I find that people don't ask "What's fostering like?"
If they find out you foster they tend to ask about the child you are looking after, and you tell them what you can, which isn't a lot, out of respect for their privacy. I keep it positive too, which helps remind me of the things that are going well.
But it's a good question; "What's fostering like?"
In one way it's a bit like an arranged marriage. Let me explain.
I was up early on Saturday, I had the downstairs hoovered and the kitchen spruced by half past eight so I sat down with a cup of tea, no-one else was about, I turned the telly on.
"The Six Wives of Henry VIII" was starting on BBC2. The one with Keith Michell.
I watched about an hour of it, then people started coming downstairs and bacon sandwiches were the order of the morning, so I half-watched the final hour.
There was a moment in the programme that reminded me of fostering. Well, one aspect of fostering. I Googled it to get the full story.

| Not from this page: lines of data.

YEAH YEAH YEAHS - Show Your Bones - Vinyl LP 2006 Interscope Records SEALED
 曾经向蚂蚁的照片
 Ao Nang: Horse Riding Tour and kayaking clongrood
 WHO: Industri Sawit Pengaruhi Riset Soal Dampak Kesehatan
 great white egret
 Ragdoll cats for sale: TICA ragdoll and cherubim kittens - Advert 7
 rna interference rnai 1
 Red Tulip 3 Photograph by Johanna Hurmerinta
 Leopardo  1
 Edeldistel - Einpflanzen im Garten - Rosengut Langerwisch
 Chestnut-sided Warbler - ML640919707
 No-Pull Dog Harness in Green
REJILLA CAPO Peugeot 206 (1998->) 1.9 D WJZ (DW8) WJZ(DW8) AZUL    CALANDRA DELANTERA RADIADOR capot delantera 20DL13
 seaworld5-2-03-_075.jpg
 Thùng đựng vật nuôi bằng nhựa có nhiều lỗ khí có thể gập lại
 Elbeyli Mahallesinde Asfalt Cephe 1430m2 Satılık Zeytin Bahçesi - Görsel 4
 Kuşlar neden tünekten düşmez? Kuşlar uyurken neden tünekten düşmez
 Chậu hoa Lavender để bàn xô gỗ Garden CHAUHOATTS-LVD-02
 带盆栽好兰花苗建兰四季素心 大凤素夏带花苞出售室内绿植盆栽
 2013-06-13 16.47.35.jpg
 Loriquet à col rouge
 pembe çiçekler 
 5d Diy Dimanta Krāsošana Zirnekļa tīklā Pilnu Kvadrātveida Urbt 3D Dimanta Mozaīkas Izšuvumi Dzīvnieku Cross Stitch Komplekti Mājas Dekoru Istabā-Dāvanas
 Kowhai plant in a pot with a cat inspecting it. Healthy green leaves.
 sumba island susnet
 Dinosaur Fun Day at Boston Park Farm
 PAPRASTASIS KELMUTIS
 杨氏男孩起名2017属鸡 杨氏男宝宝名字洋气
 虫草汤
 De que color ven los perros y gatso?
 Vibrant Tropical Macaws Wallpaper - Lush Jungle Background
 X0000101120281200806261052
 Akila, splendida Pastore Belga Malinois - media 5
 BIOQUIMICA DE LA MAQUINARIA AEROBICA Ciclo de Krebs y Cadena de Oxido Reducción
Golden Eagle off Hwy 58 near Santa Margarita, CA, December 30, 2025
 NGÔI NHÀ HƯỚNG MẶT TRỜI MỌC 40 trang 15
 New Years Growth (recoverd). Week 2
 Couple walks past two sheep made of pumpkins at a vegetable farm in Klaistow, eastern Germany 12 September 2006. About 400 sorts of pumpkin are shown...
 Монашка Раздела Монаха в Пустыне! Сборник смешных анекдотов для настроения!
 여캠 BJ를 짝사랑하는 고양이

Henry had got through three or four wives, and he was back to needing a foreign one, for the good of the Crown. Plus he needed a son and heir. His new wife would get a leg up in the world . So the arranged marriage would work for the country and for both parties, provided they made it work.
There were a couple of candidates, but he'd never met them. He tried to get as much information about them as possible to make his choice. He ended up sending a painter to do a portrait of each of them so he could pick.
The women, on the other hand, were told all about the King they were being put up to marry. They were told he was a handsome gentleman, firm but fair. Quite a catch.
Henry picked Anne of Cleves, and for a lark, when she arrived he disguised himself as a fat old servant with a gammy leg and a dopey brain. But when he saw Anne he was astonished that she was nothing like her portrait. She was equally astonished that the "servant" turned out to be her fat dopey King with a gammy leg.
But they were committed and the marriage happened, with both parties having to learn all about the other starting from scratch, but under the same roof. So they settled down to try to make it work, knowing it was going to be temporary.
The answer to the question "What's fostering like?" is entirely dependent on the placement you're enjoying at any given time. But, like Anne and Henry, the placement usually turns out to be very different from the situation you'd imagine before it happens. The child looks, speaks and acts like a complicated 3D individual whose characteristics can't be captured on a dossier. She's not the person you deduce from the files you are given before they arrive.
What's more, from the child's point of view, you are nothing like they imagined either.
But there you are, together, under one roof. An arranged family, for the good of the Crown and both parties.
So you close the front door behind them, and settle down to try to make it work, knowing it's going to be temporary.